In 1971, Robinson was traded by the Orioles to the Dodgers, where he played one season, before moving over to the Angels in 1973, and was then traded again to the Indians at the end of ’74. When the Indians collapsed badly (6-14) down the September stretch, Ken Aspromonte was fired as their manager and in his place, on October 3, GM Phil Seghi made baseball history by naming Robinson the game’s first black manager. In his first game as player manager, Opening Day, April 8, 1975, Robinson received a congratulatory letter from President Gerald Ford and, with Jackie Robinson’s widow, Rachel, among the 56,715 in attendance at Cleveland’s Municipal Stadium, he inserted himself in the lineup as the designated hitter and, in his first at-bat, hit a home run off the Yankees’ Doc Medich.

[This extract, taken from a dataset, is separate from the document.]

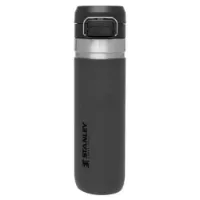 Stanley Go Series 700ml Thermosflasche Refurbished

Despite guiding the Indians to a 79-80 record in ’75 and 81-78 the following year, he was fired after 51 games in ’77 following numerous run-ins with his players, who could not abide by his hard-driving style. Years later, in an interview with Sport Magazine, Robinson said: “I was the first black manager in baseball and there was incredible pressure. I don’t blame anyone else. I was too tough…I lacked patience. I wanted to win badly and I probably got on guys too much with the wrong tone of voice.”
Robinson would go on to manage three other teams, the Giants from 1981-84, the Orioles from 1988-91 and the Montreal Expos/Washington Nationals from 2002-2006. In 1989 he was named American League Manager of the Year when he improved an Oriole team that had finished in last place, 54-101, the year before to second place, 87-75.
Ever at the center of controversy, Robinson was a continual vocal critic of baseball for not hiring more black managers or general managers, and after being hired by MLB as vice president of on-field operations February 25, 2000, he incurred the wrath of players and managers alike for the stiff penalties meted out as he sought to be the game’s ultimate disciplinarian. Barely a month on the job, he fined and or suspended 19 Dodgers for incendiary mingling in the stands. Another time he enraged Yankee manager Joe Torre by suspended lefty Ted Lilly six games for hitting the Angels’ Scott Spiezio in the helmet with a pitch.
Robinson left the on-field operations job after the 2001 season when Baseball Commissioner Bud Selig asked him to go back into uniform and manage the Montreal Expos – who MLB had bought from Jeffrey Loria as part of a three-team ownership shuffle and proceeded to strip them of all their high salaried players. “I understand baseball credibility is on the line here,” Robinson told me in spring training that year. “People will be looking at the situation in Montreal and asking: ‘Does baseball really care?’ It’s my job to prove it does.” Against all odds, he succeeded, leading the lame duck Expos to respectable 83-79 seasons his first two years on the job as they played to half empty stadiums.